Perhaps it was the lack of constant action, so many pauses between plays, and each play often taking no more than a few second. In this regard, she was beginning to show some interest in fast moving games like hockey or soccer.
She would watch baseball with me, and root hard for the Detroit Tigers. I imagine her interest in this sport was at least in part associated with her father who was a fan, and who was, so Carol told me, named by his father after the famous old time pitcher Walter Johnson.
Her favorite sport, though, was basketball, and here the reason is clear: she had as a girl enjoyed playing that game, remembering as she reminded me more than once that she had been captain of her team in school. If we found a woman’s basketball game to watch, she would settle back and enjoy it.
For those who enjoy competition, and Carol in her way, certainly did, sports is an acceptable outlet. Carol’s ambitions as a writer was just another expression of her innate competitiveness.
I, too, confess that I am more than a little competitive. I do like to win.
But I can say with honesty we never competed with each other. As I write this, it occurs to me that statement includes any form of competition, be it a game of checkers or scrabble. It could be that Carol just did not enjoy those kinds of games although I certainly do.

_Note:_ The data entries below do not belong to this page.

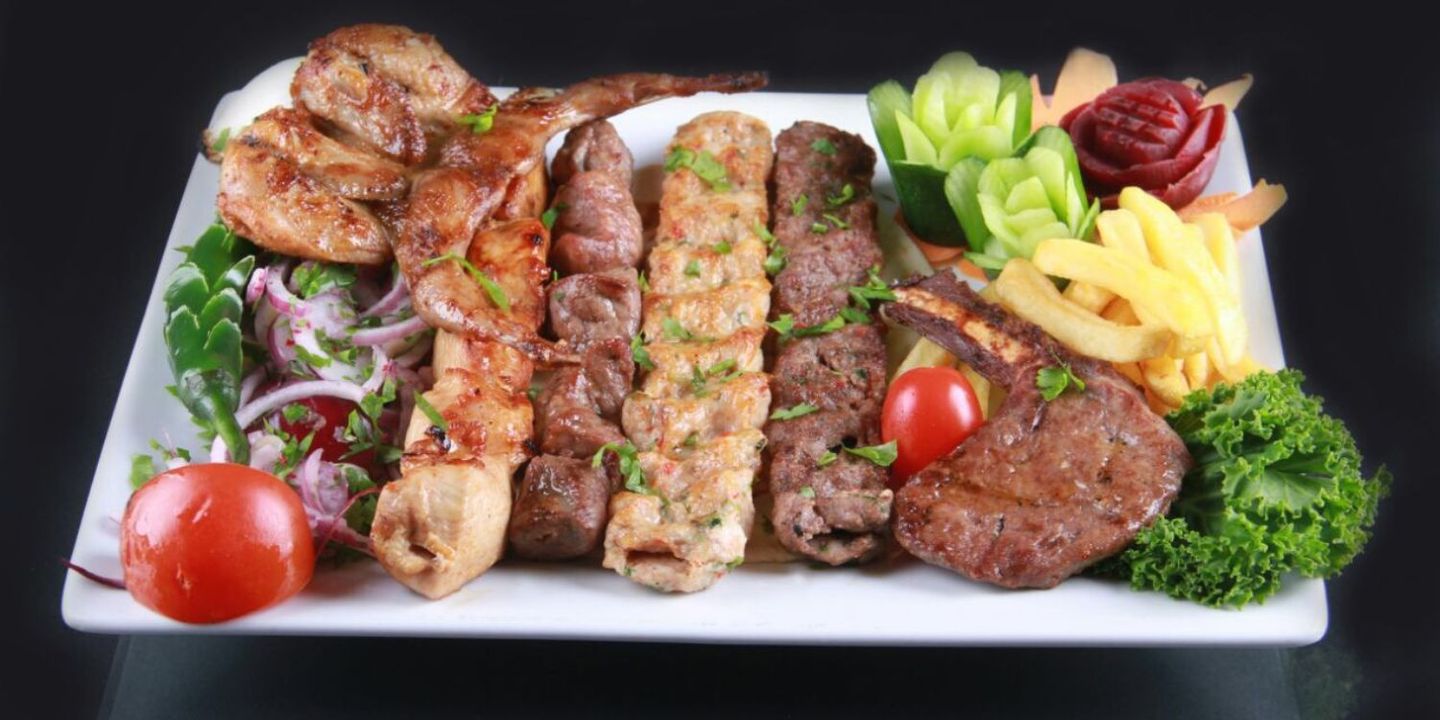 مروش cover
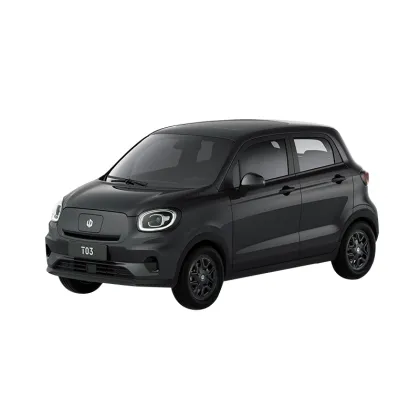 Leapmotor T03 Electric Car for Sale - Wholesale Cheap Mini Electric Car
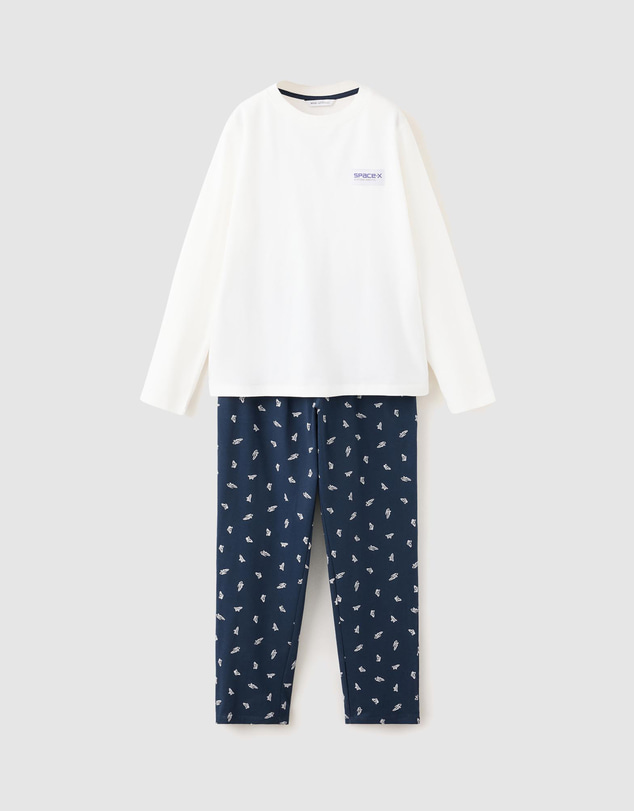M.N.G - NASA Pyjama - Kids-Teens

As sugar sweet as it may sound to say, the answer might just be that we just wanted each other to do well in whatever we were doing. In games with winners, there have to be losers. And just perhaps we did not want to see the other person lose. As corny as that sounds, and although I have never thought about this question literally until this moment with my fingers banging down the keys of my laptop, it may well be true.
There are different kinds of light, those provided by sun or moon, those captured in metaphors of hope emerging from darkness, and those that memory shines on those whose lives are so inextricably intertwined with our own.
At the center of all of these, for me, is Carol.